## WORK INSTRUCTIONS
Reproduce exactly only the lines from the line that holds "Power strip mounted on a wall with cables" to the line that holds "A French limestone", inclusive, in the listing below, and please leave out every picture.
------------------------------------------------
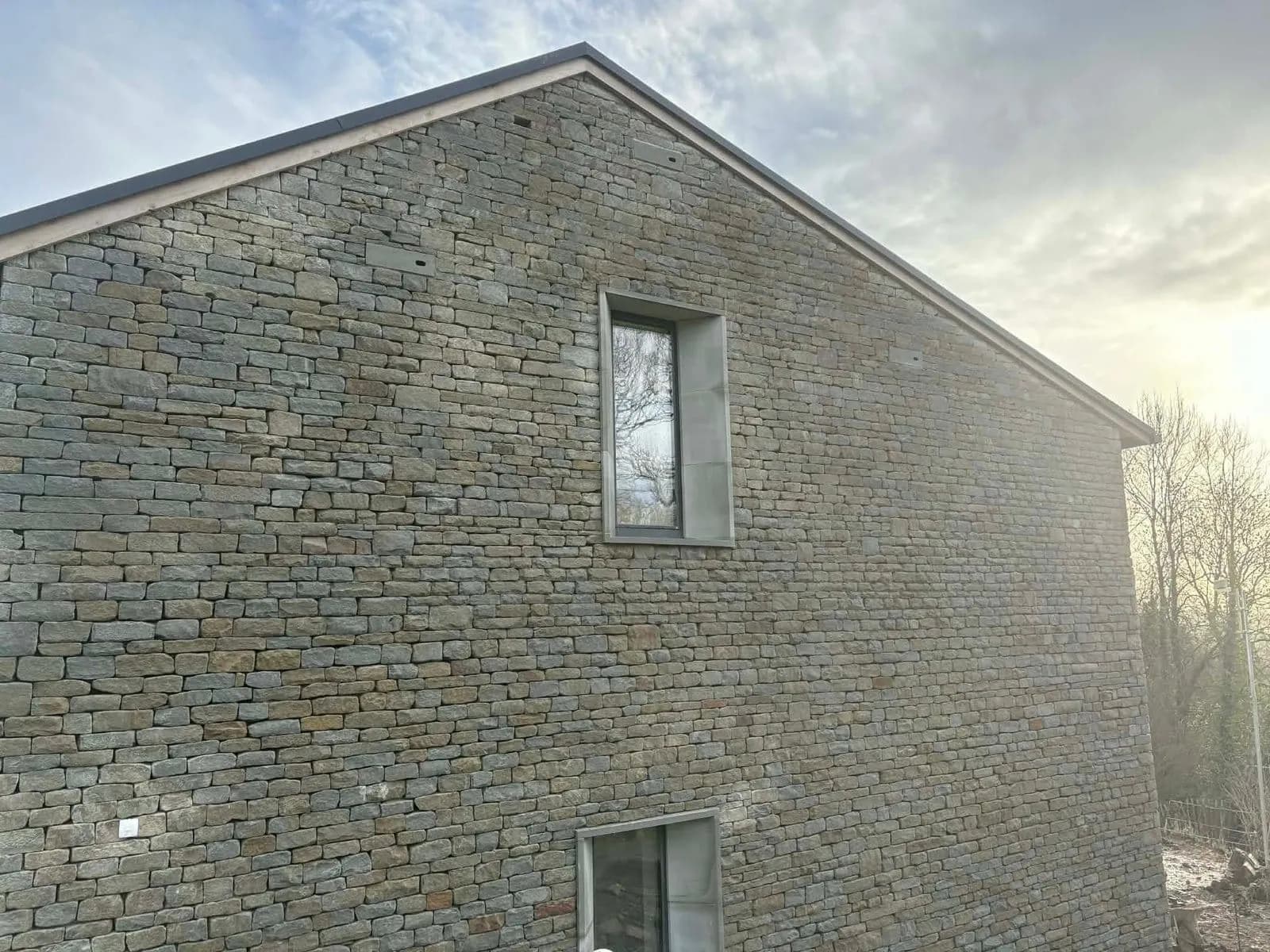 The finished gable in grey green Forest stone, laid on a dry bed, Malvern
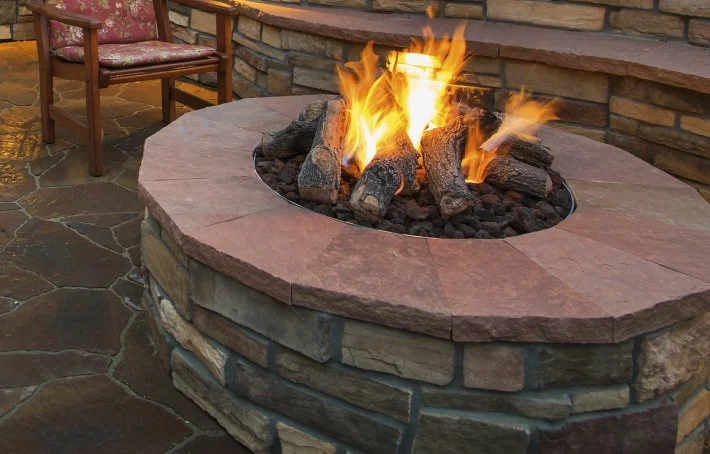 A bubbling fire pit with flames and logs, surrounded by a stone and brick barrier, situated on a stone patio with outdoor furniture.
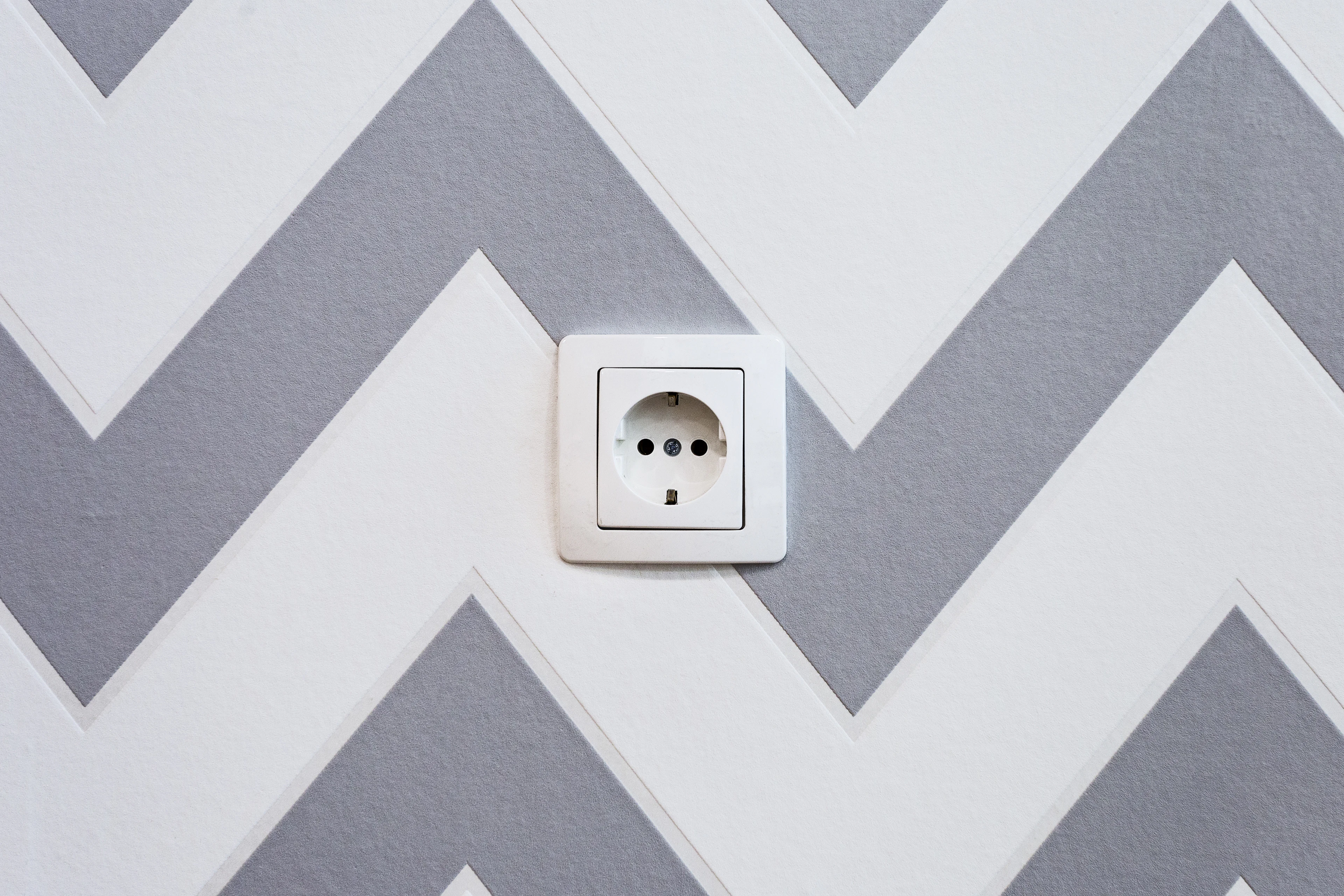 Power strip mounted on a wall with cables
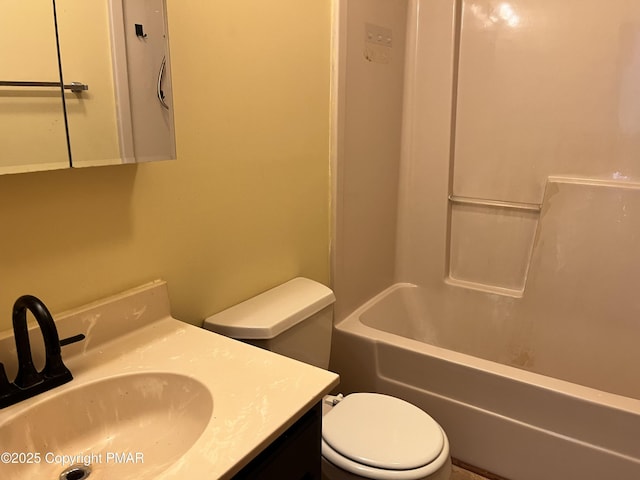 bathroom with toilet and vanity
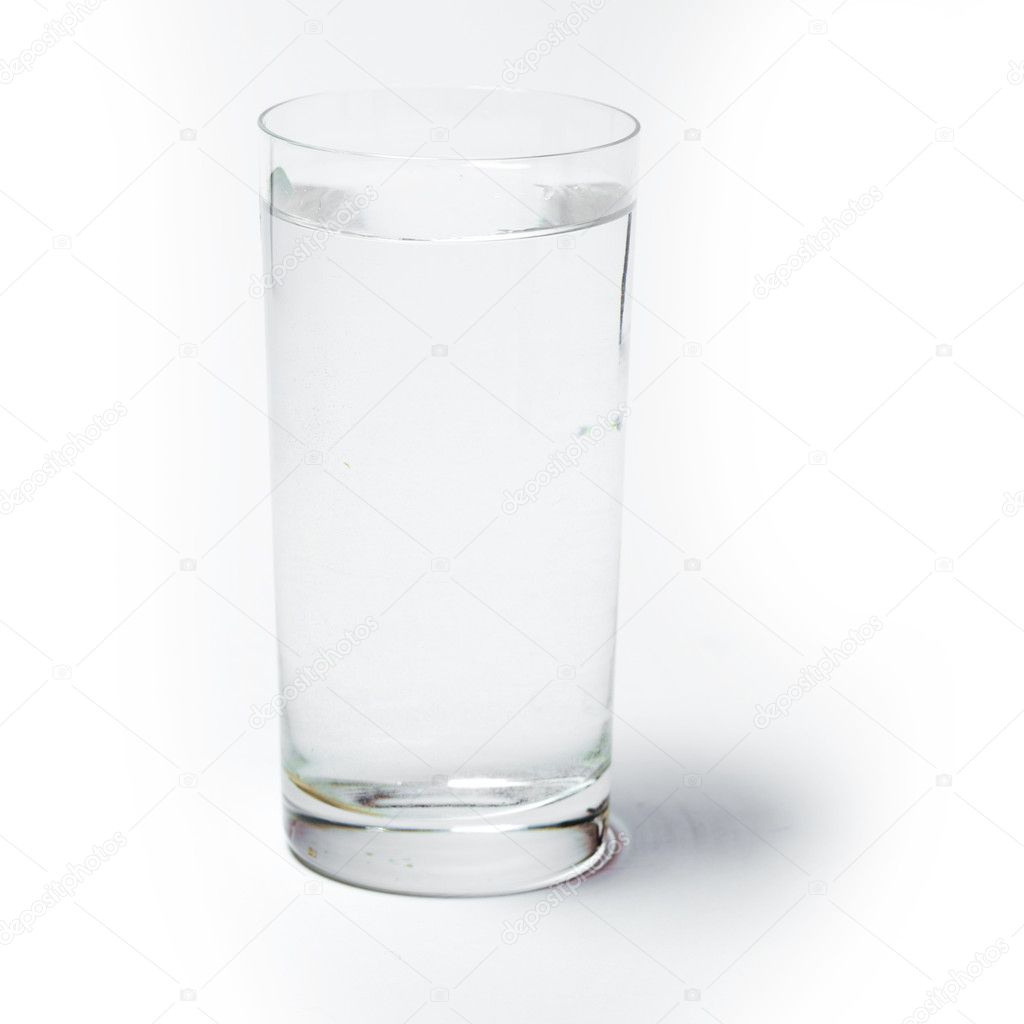 Clear Glass Of Water On A White Background Stock Photo - Download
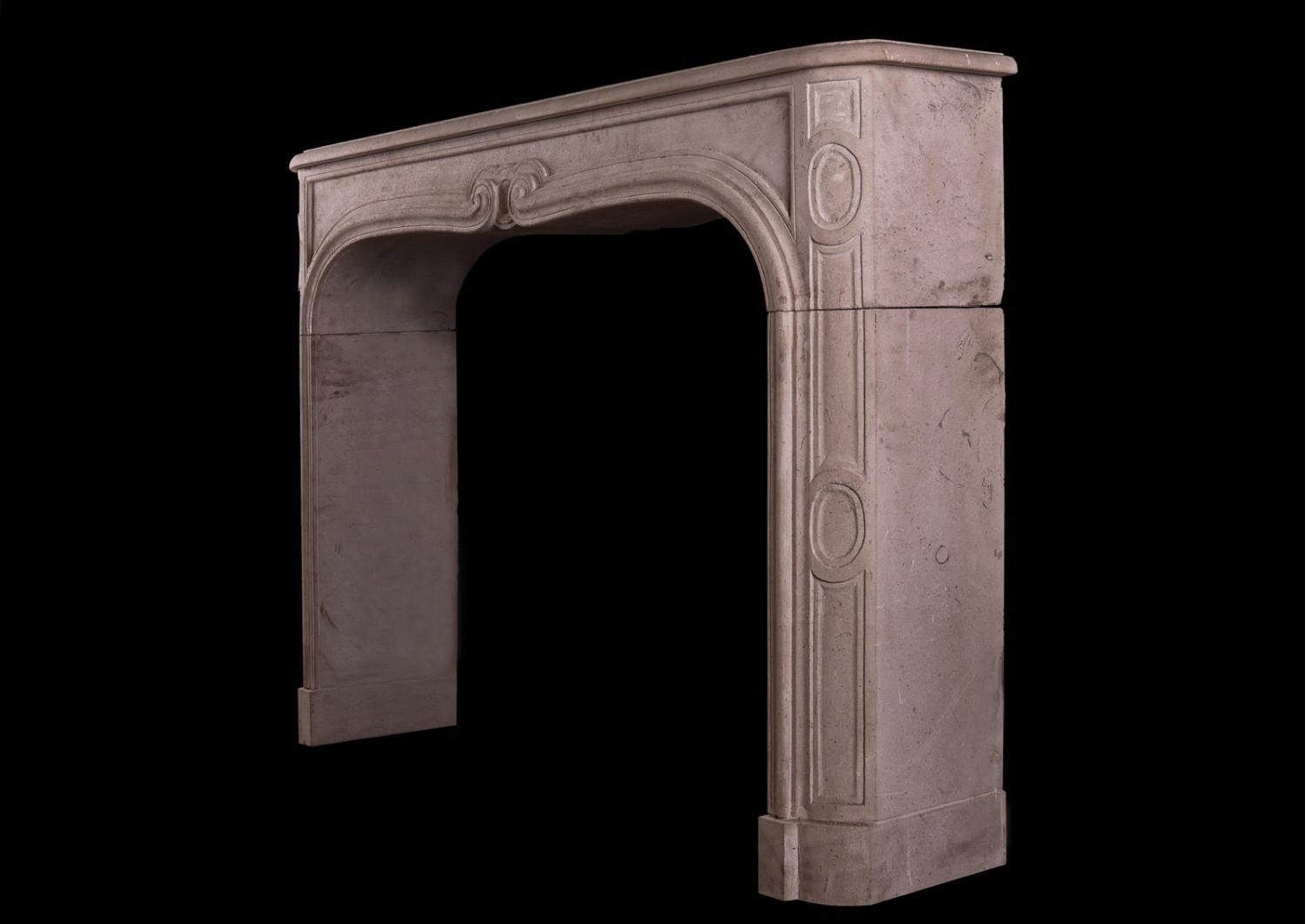 A French limestone transitional Louis XIV/XV fireplace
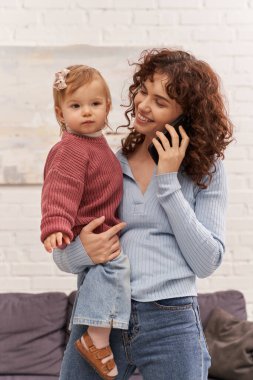 Mutlu genç bir kadın kucağında kucağında küçük kız ve akıllı telefonla konuşuyor, işle hayat arasında denge kuruyor, modern ebeveynlik, ilişkiler, anne kız bağı, uzaktan çalışma, kariyer ve aile arasında denge kuruyor. 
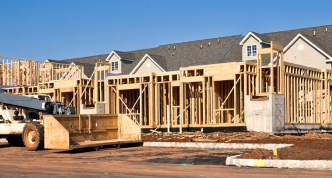 new homes under construction with machinery and road curb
------------------------------------------------
## ANSWER SECTION
 Power strip mounted on a wall with cables
 bathroom with toilet and vanity
 Clear Glass Of Water On A White Background Stock Photo - Download
 A French limestone transitional Louis XIV/XV fireplace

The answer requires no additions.